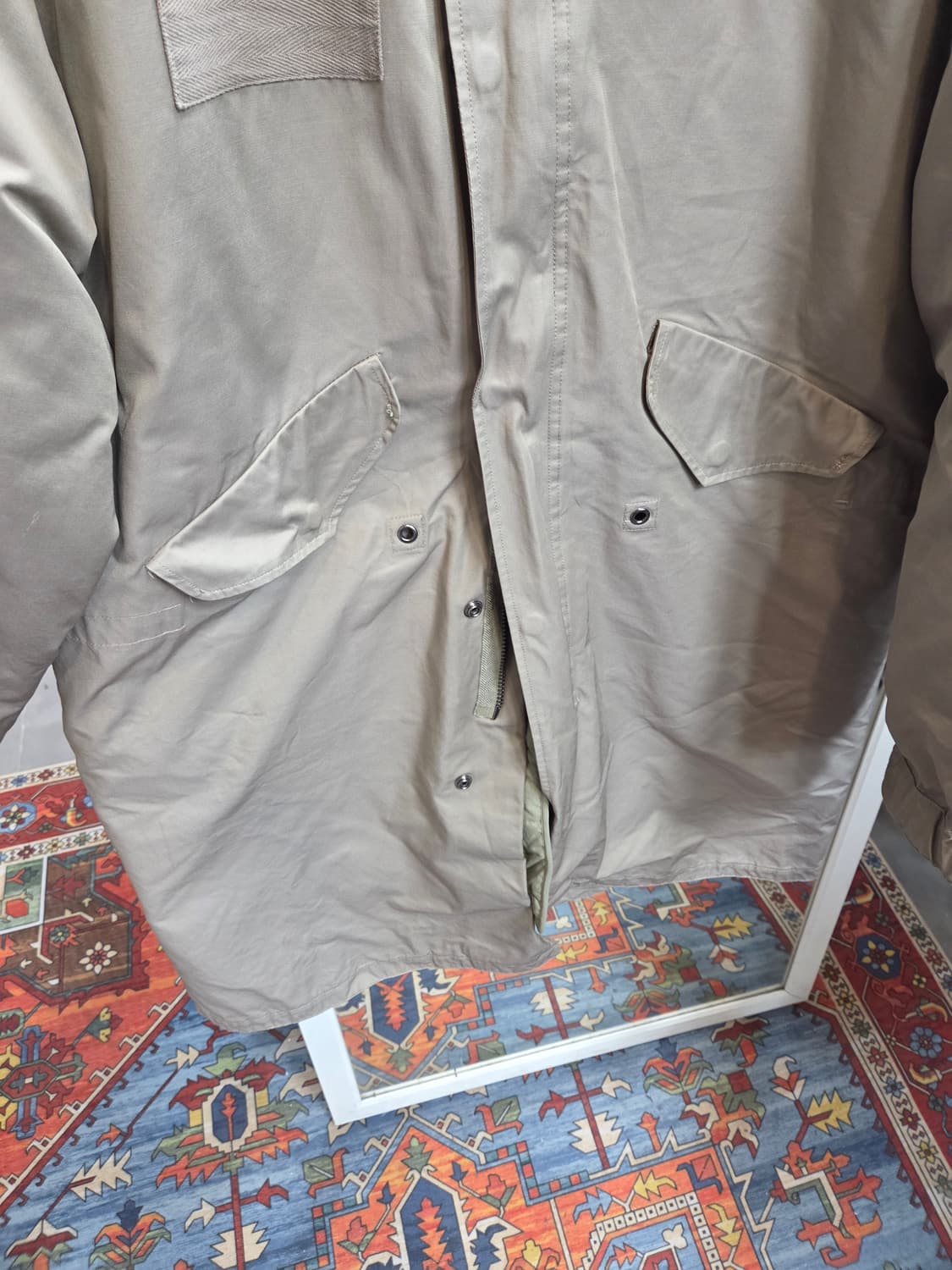 Fluke 3m 신슐레이트 내피패딩 개파카 야상자켓 L 상품이미지8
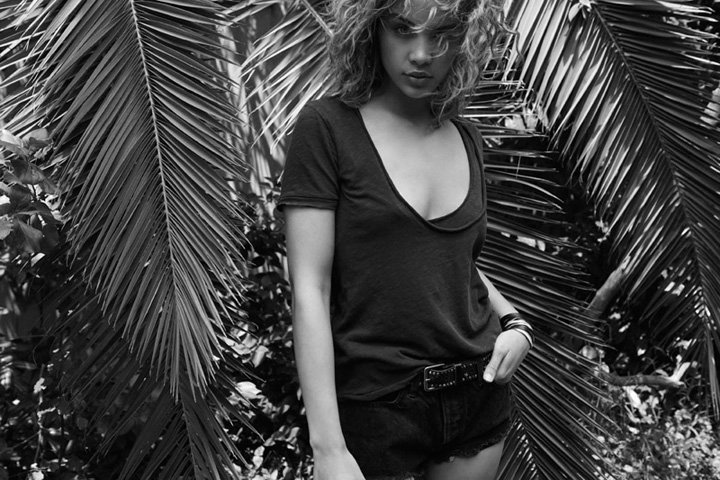 Free People 2025 90年代复古风尚大片Lookbook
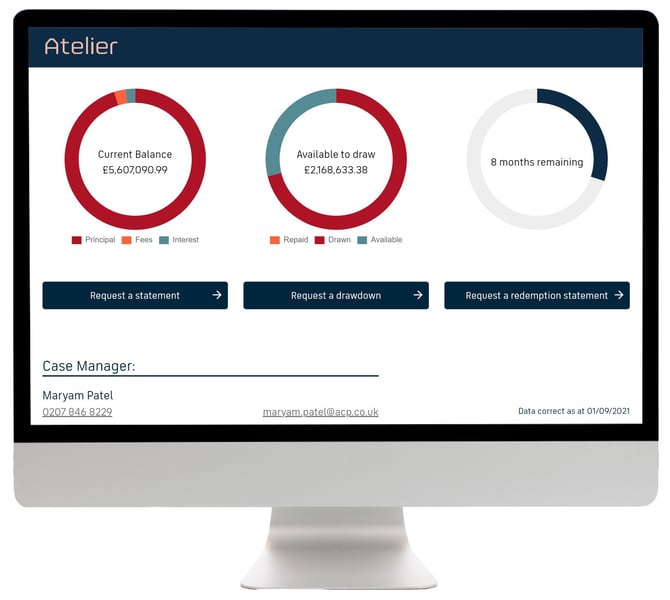 Atelier unveils bespoke dashboard and new-look website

* WHAT YOU ARE ASKED TO DO *
The lines above must be transcribed exactly, with every picture left out.

* WRITTEN ANSWER *
 Fluke 3m 신슐레이트 내피패딩 개파카 야상자켓 L 상품이미지8
 Free People 2025 90年代复古风尚大片Lookbook
 Atelier unveils bespoke dashboard and new-look website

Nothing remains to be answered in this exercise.